BEGIN Input material

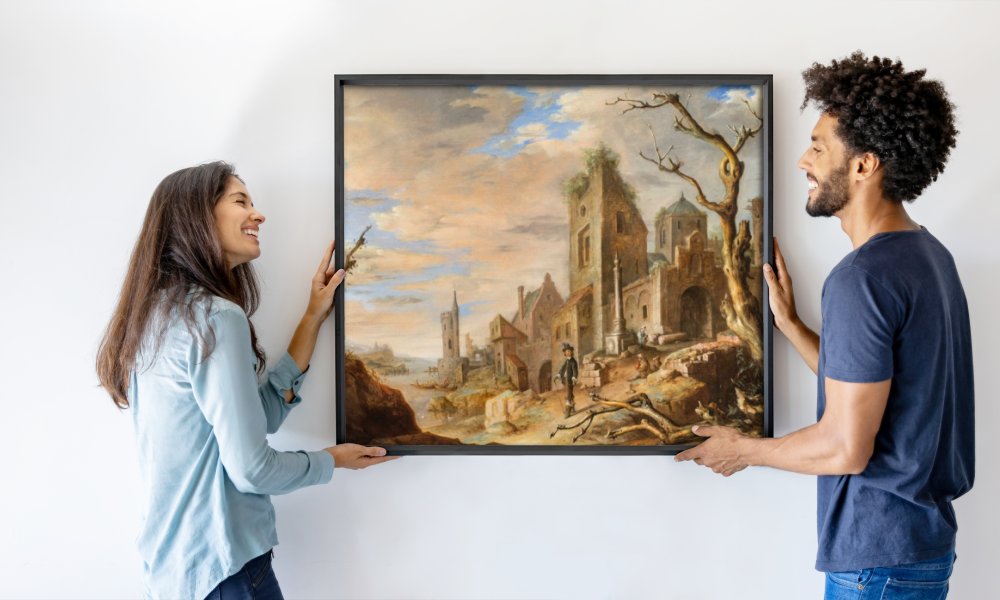 Jan Adriansz van Staveren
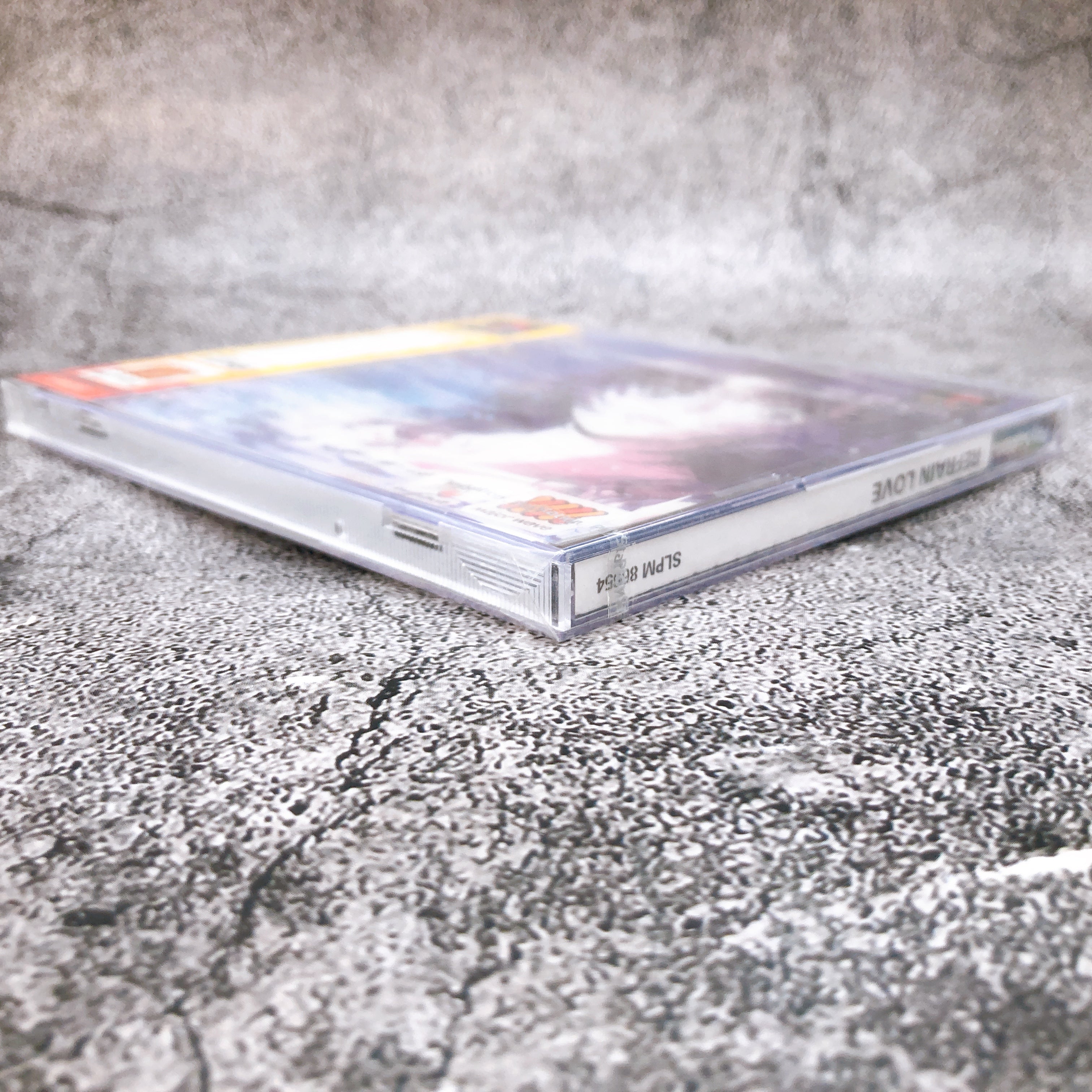 Playstation Refrain Love PS1 Hamster Major Wave Japan Game Sealed New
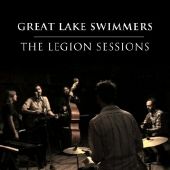 Great Lake Swimmers - Legion Sessions - CD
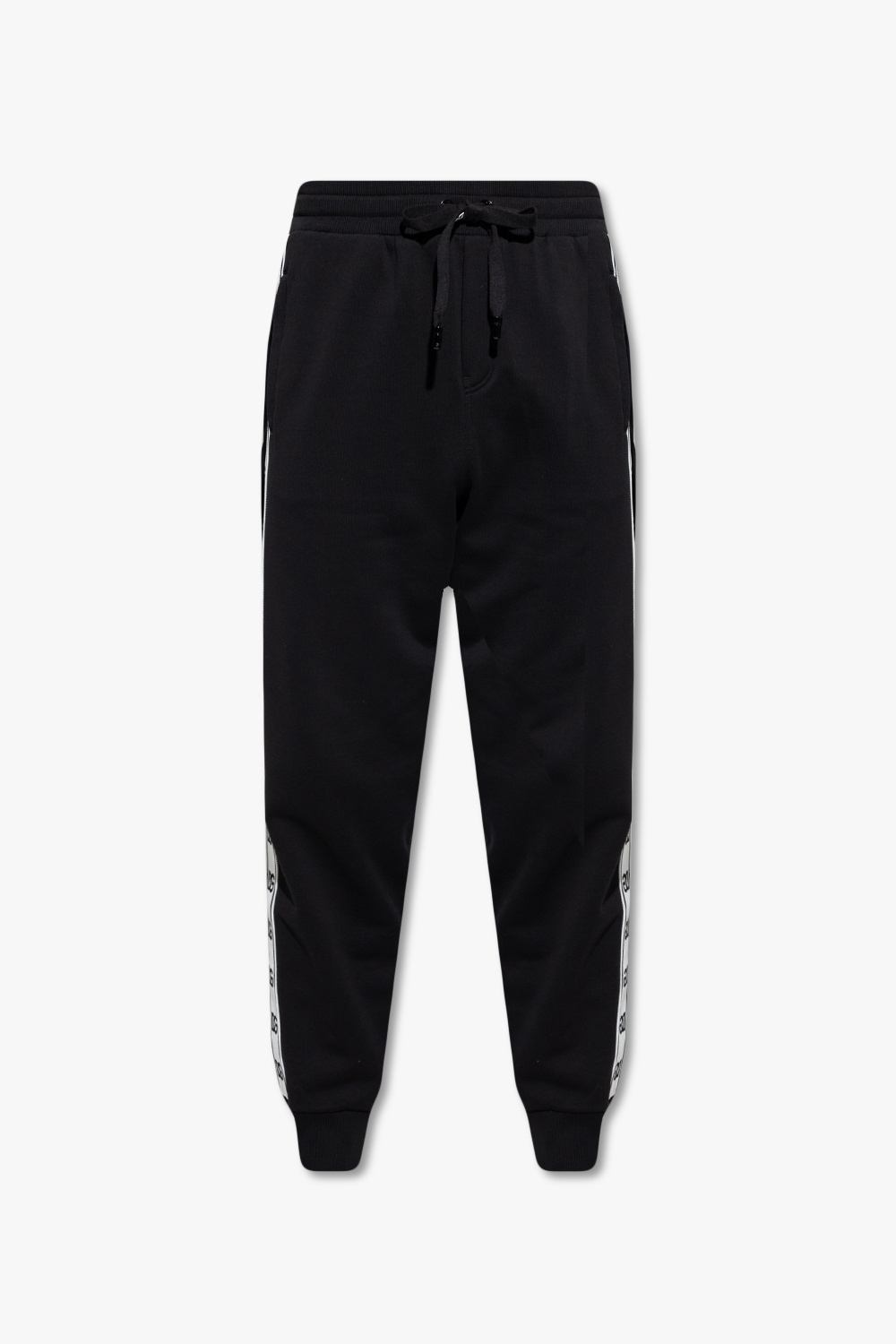 Dolce & Gabbana Sweatpants with side stripes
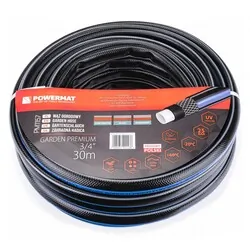 Wąż ogrodowy Powermat GARDEN PREMIUM  3/4" 30m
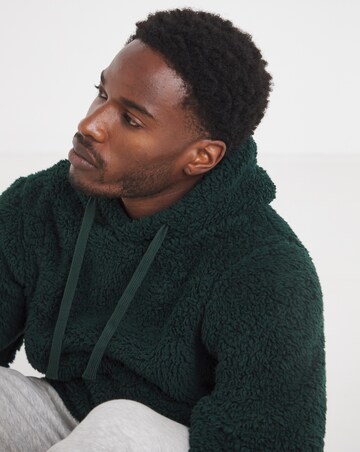 Borg Hoodie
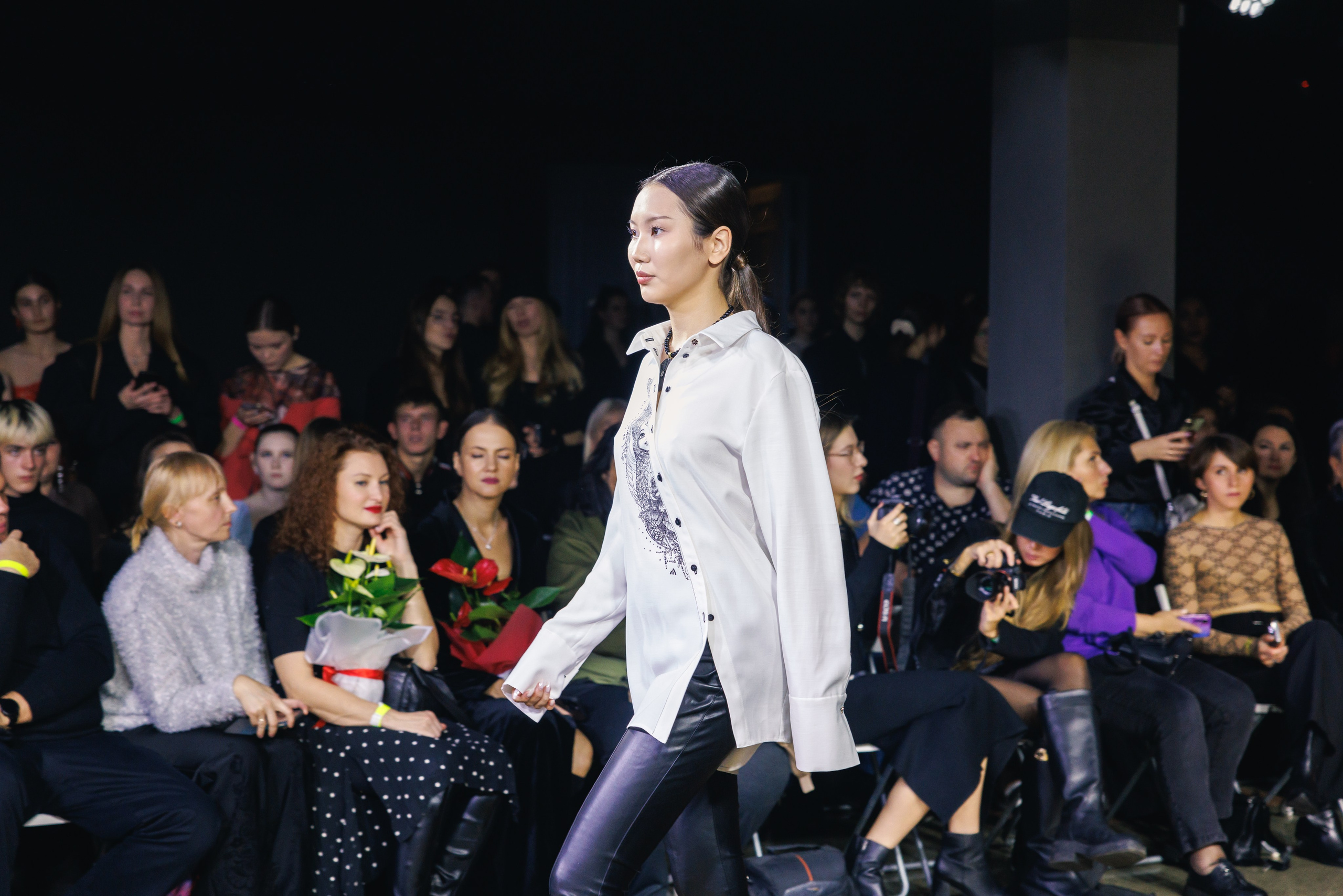 Volga Fashion Week. Профессиональный фотограф в Москве Захар Ишутин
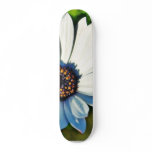 Daisy Daisies Flowers Petals skateboards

END Input material

= Goal of the exercise =
With the pictures left out, output exactly the lines that begin at the line containing "Borg Hoodie" and end at the last line of the material.

= Task response =
 Borg Hoodie
 Volga Fashion Week. Профессиональный фотограф в Москве Захар Ишутин
 Daisy Daisies Flowers Petals skateboards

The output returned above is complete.